15.12.06

MANIFESTO DA POESIA ALHEIA

Diante do sucesso de um alheio do Paulo Moura postado pela Ana Rüsche no Peixe de Aquário, deixo aqui para visitação pública, conforme publicado na FNX XIX, o inigualável


MANIFESTO DA POESIA ALHEIA



“a verdade, cuja mãe é a história”
Pierre Menard


1. a poesia já está pronta no mundo, cabe ao poeta apenas identificá-la.
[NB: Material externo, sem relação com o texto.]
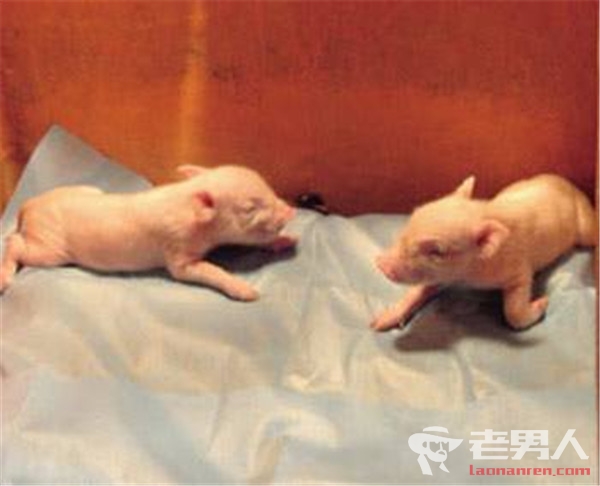 广州生物院猪体细胞克隆研究获进展：效率提高7倍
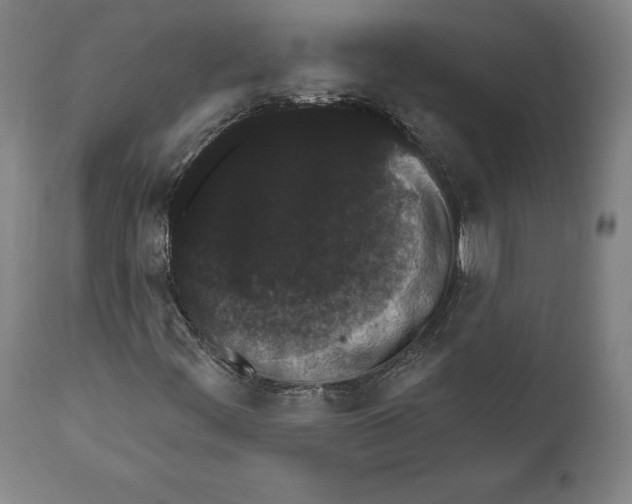 X0000111581444200908271024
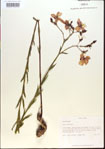 000013645-thumbnail.jpg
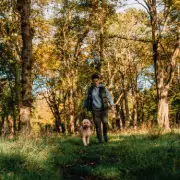 RSPCA Warns Dog Owners About Ticks Ahead of Bank Holiday Heatwave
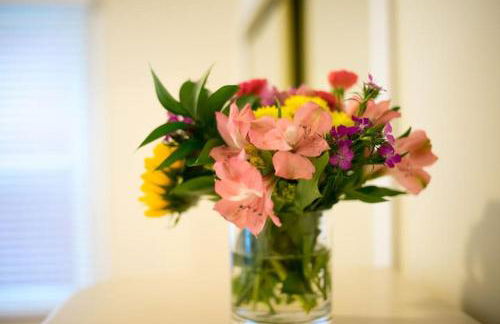 The Boston Rental - Multiple Floorplans - Foto 39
2. em todas as artes visuais e auditivas já se notou que é possível encontrar poesia (poetik) pronta no mundo, bastando ao artista registrá-la. a poesia escrita, versificada (dichtung), permanece presa à concepção de que o artista precisa acrescentar algo de seu ao real para transformá-lo em arte.
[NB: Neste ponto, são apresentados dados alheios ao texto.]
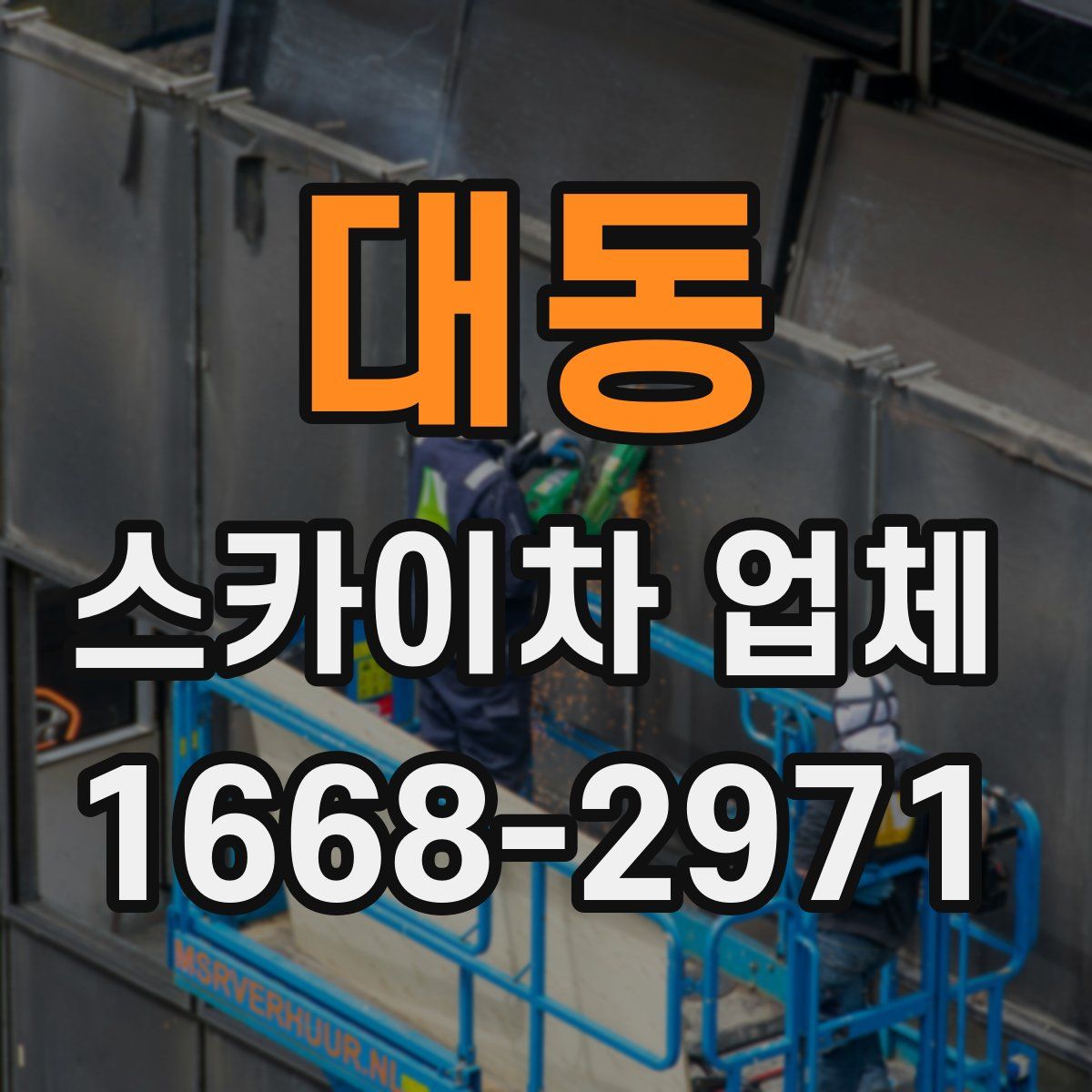 대동 스카이차 업체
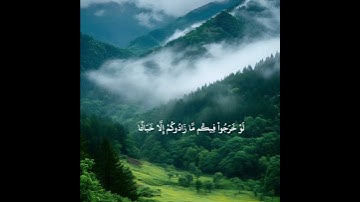 ۞ وَلَوۡ أَرَادُوا۟ ٱلۡخُرُوجَ لَأَعَدُّوا۟ لَهُۥ #تلاوة_هادئة الشيخ ماهر المعيقلي سورة التوبة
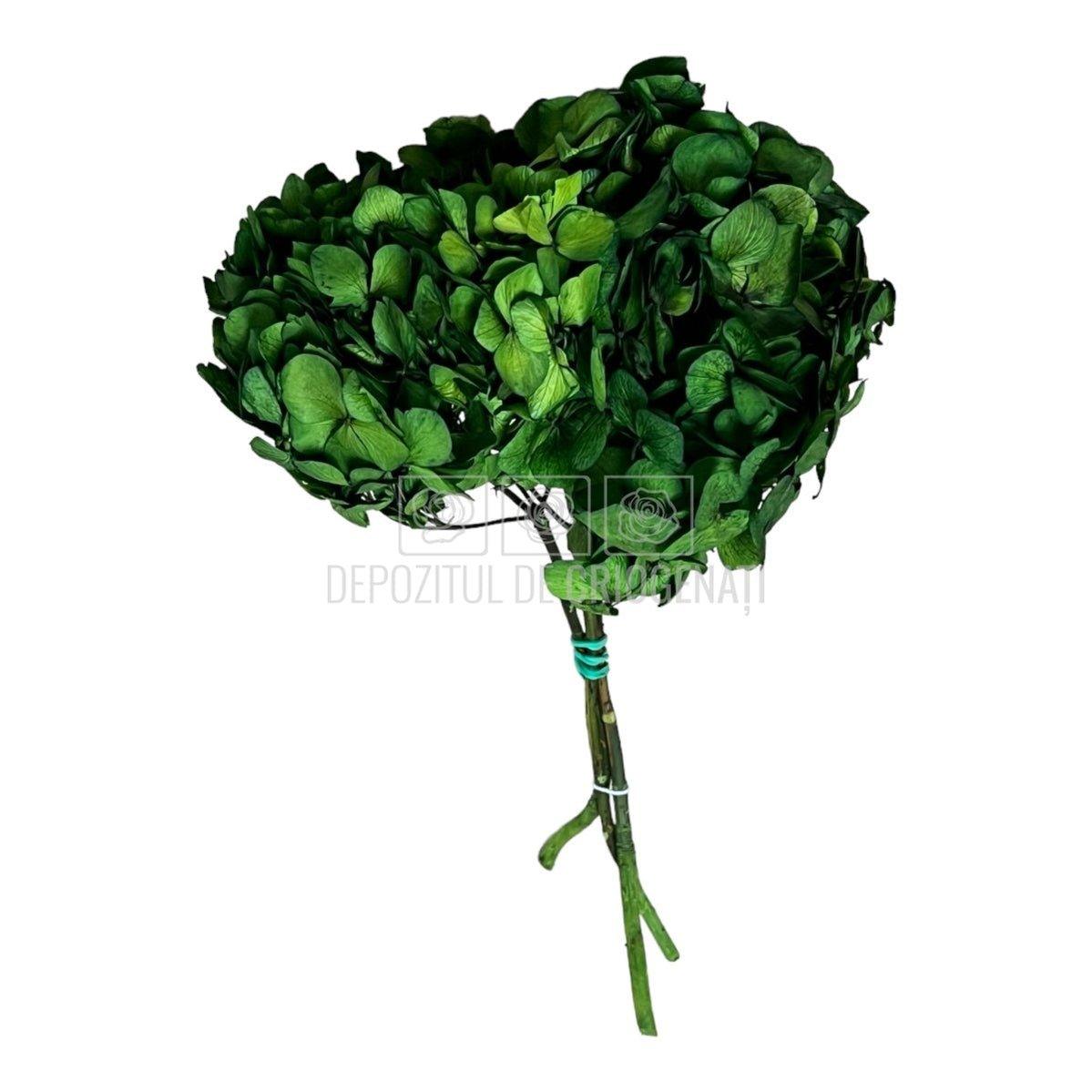 Hortensie Verde inchis Verdissimo (Buchet Criogenat) - DepozituldeCriogenati.ro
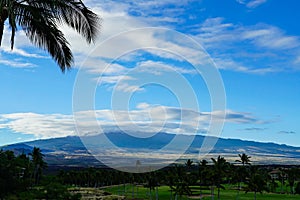 View of a golf course with mountains and palm trees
3. um fotógrafo não cria a cena de sua arte. ele tem a sensibilidade de captar com suas lentes o momento, o gesto, a expressão, a luz – a poesia. a poça, o café, a paisagem, a criança, o engravatado, são todos ready-made.
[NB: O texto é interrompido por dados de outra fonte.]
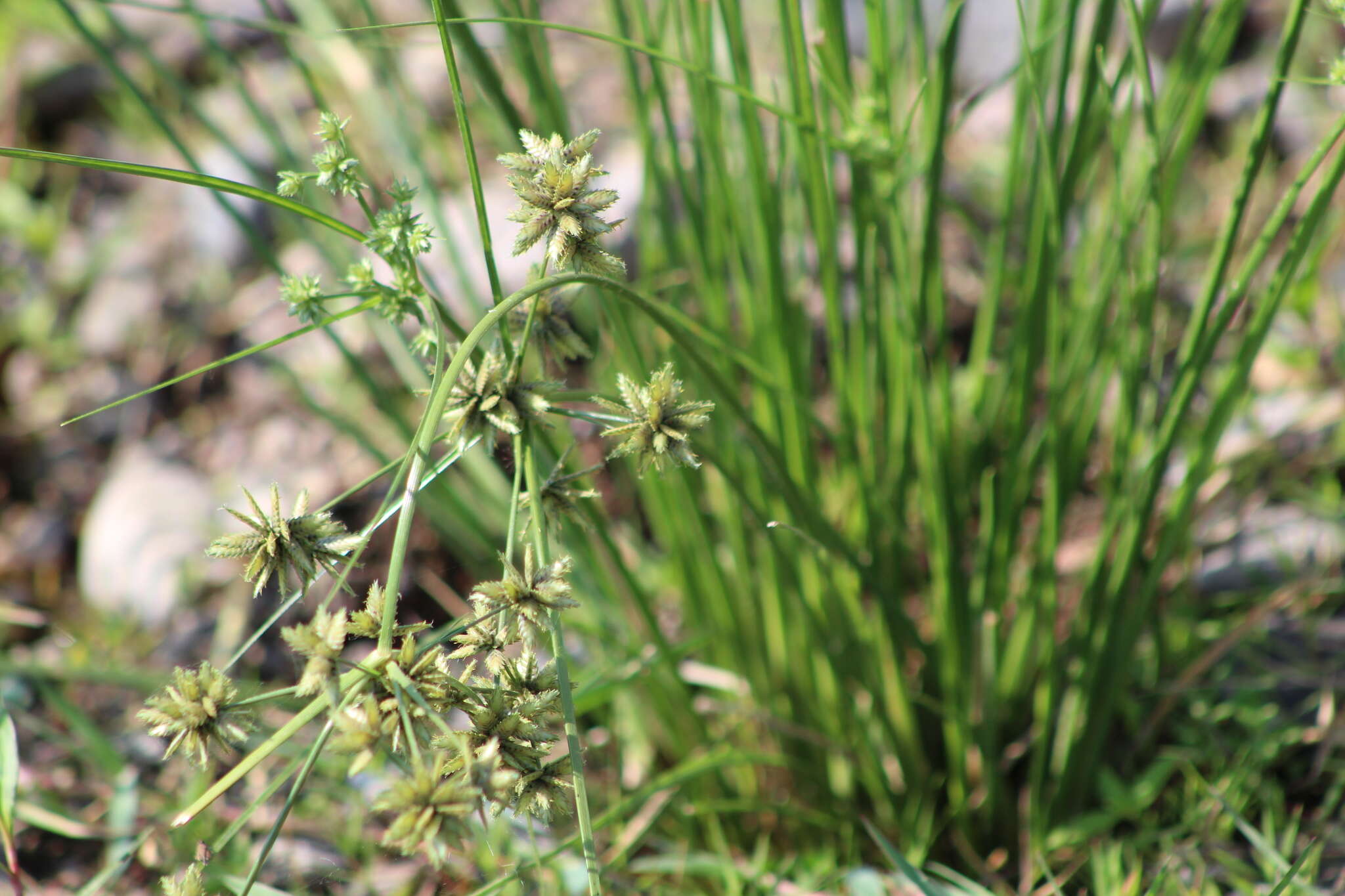 Imagem de Cyperus elegans L.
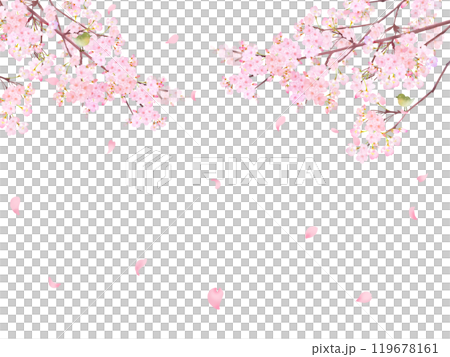 Cherry tree with warbler - Beautiful light pink cherry blossoms and petals Spring watercolor white back frame background material illustration 119678161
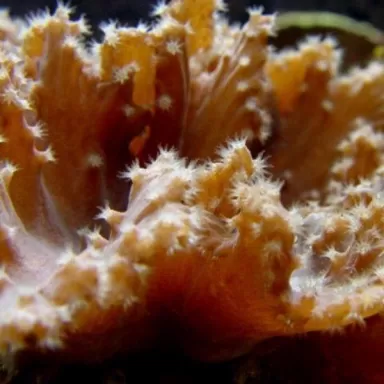 Sinularia Brassica (L) Singapore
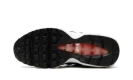 AIR MAX 95 WMNS "Light Iron Ore / Black Patent"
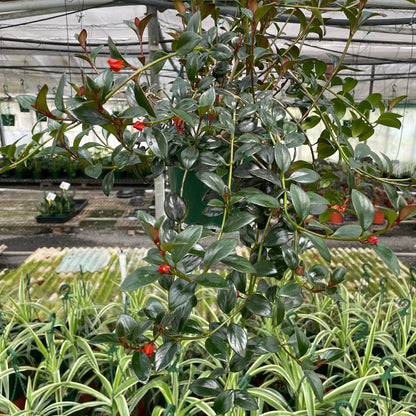 Nematanthus Goldfish - Wera Plants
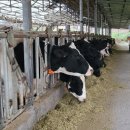 동림목장 이미지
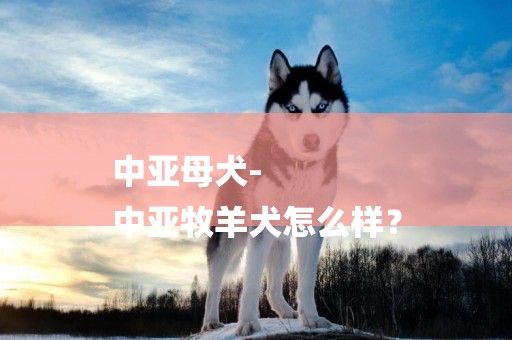 中亞母犬-
中亞牧羊犬怎么樣？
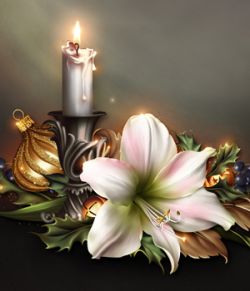 Moonbeam's Festive Amaryllis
4. como o fotógrafo, o poeta alheio tem ao seu redor as paisagens dos textos e, em sua leitura, a sensibilidade para captar a imagem poética. ele apenas a enquadra em versos, dá, se necessário, o foco com sua pontuação e, finalmente, sugere ou explicita a imagem com um título.

5. a idéia da poesia criada, da poesia-inovação, não é apenas um preconceito – é um preconceito moderno. a antigüidade sempre reconheceu a mimesis como poiesis. não há imitação sem criação. todos os grandes épicos foram criados sobre outros textos, recriação de tradições orais ou de outros épicos.

6. a poesia alheia traz em seu bojo a superação do conceito moderno de originalidade. os gregos atribuíam a um indivíduo – homero – a autoria de textos que hoje são considerados obra de todo um povo, e foi só a partir dos helenísticos que se enraizou a necessidade de destaque do autor concreto de uma obra. hoje indivíduo e originalidade parecem ser elementos indissociáveis do conceito de autoria, daí a denúncia feita pela poesia alheia.

7. a poesia alheia surge como um movimento literário pós-moderno, fundado na superação do indivíduo autônomo burguês, também conhecido como moderno – ficção romântica calcada no culto ao gênio, na busca de metanarrativas totalizantes, de verdades abstratas e valores universais. para isso vieram com a bravata da “originalidade” e da “novidade”.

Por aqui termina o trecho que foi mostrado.